Asbestos found in children's crayons and toys

Tests of boxes of crayons and "crime scene fingerprint kits" has revealed asbestos as an ingredient. This substance has long been known to cause cancer and other deadly lung diseases.
The recent study, carried out by the EWG Action Fund, tested 28 kinds of crayons and 21 fingerprint kits and confirmed the presence of asbestos.
The tests were carried out during February and May 2015.
While the ingredient is widely known to be toxic, it is not a banned substance in the United States, despite being implicated in 15,000 US deaths each year and 100,000 deaths globally, according to the World Health Organisation (WHO).
The tested products were all purchased at national retail chains or online retailers and testing was commissioned at two state-of-the-art laboratories. The results showed four of the brands of crayons and two of the crime scene kits were tainted with asbestos, all of which were made in China and imported to the US.
The four brands of crayon found to contain asbestos were: Amscan Crayons; Disney Mickey Mouse Clubhouse; Nickelodeon Teenage Mutant Ninja Turtles Crayons and Saban's Power Rangers Super Megaforce.
The two tainted fingerprint kits were EduScience Delux Forensics Lab Kit and Inside Intelligence Secret Spy Kit.
Toys “R” Us, which makes one of the forensics lab kits, told Time Magazine the company was “reviewing the referenced report, along with supplier test reports, to ensure full compliance to our strict safety standards”.
The other companies involved have yet to respond to requests for comments.
Although the fingerprint kits were found to contain higher amounts of asbestos than the crayons and their formulation as a loose powder posed a bigger risk of inhalation of the fibres, the amount of microscopic asbestos fibres in a single crayon could be as high as one million or more.
The US Occupational Safety and Health Administration (OSHA) states that: "There is no 'safe' level of asbestos exposure for any type of asbestos fibre."
“This is an exposure that could easily be avoided,” said Sonya Lunder, EWG senior researcher and one of the study’s authors. “The threshold for exposing a kid to a carcinogenic chemical when they’re playing with toys should be zero.”
“The lesson here is that parents can’t just read labels and choose safer products by looking at the labels themselves,” says Lunder. “There’s not enough information about where asbestos might be found.”
A spokesperson from the EGW Action Fund said: "Scientific Analytical Institute of Greensboro, NC, tested the products for asbestos using transmission electron microscopy, or TEM, the most precise method available. A second analytical laboratory examined all samples that tested positive."
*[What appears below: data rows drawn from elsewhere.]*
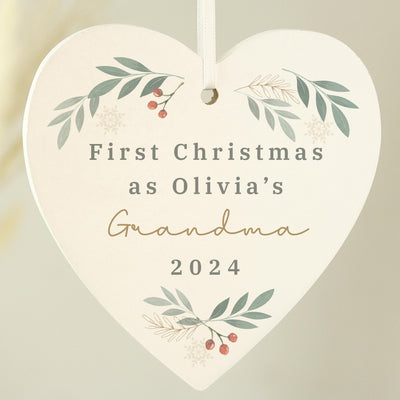 Personalised Christmas Foliage Hanging Heart Decoration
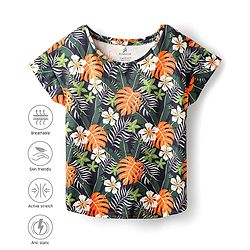 Pine Active Half Sleeves T-Shirt With Floral Print - Multicolour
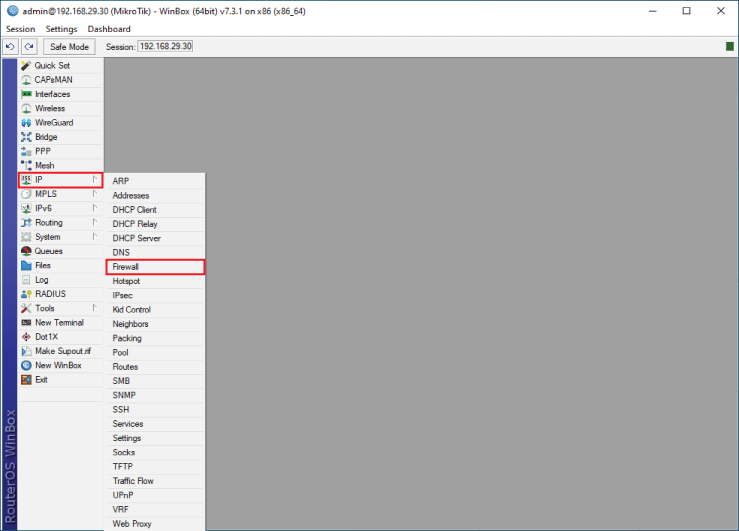 WinBox settings page in MikroTik with sections like Interfaces, IP, System, and Tools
According to Asbestos Nation, where the results of the report were published, the asbestos in the products was most likely from contamination of the talc used in both: as a binding agent in the crayons and as an ingredient in the fingerprint powder. It is a fairly common occurrence, as asbestos and talc are often found in the same geological formations.
Asbestos was found in the same kinds of toys in 2000 and 2007. However, the regulatory body that oversees such products, the Consumer Product Safety Commission, "has not banned or regulated asbestos in crayons, toys or other children’s products."
"Asbestos in toys poses an unacceptable risk to children, today as it did in 2000 and 2007, the last time tests found the deadly substance in these children’s products,” said Dr Philip Landrigan, asbestos expert and professor of paediatrics and preventive medicine at Mount Sinai Hospital.
"Clearly some toy manufacturers haven’t done enough to protect children and others from asbestos in consumer products. Therefore, it’s high time the federal government bans asbestos in consumer products."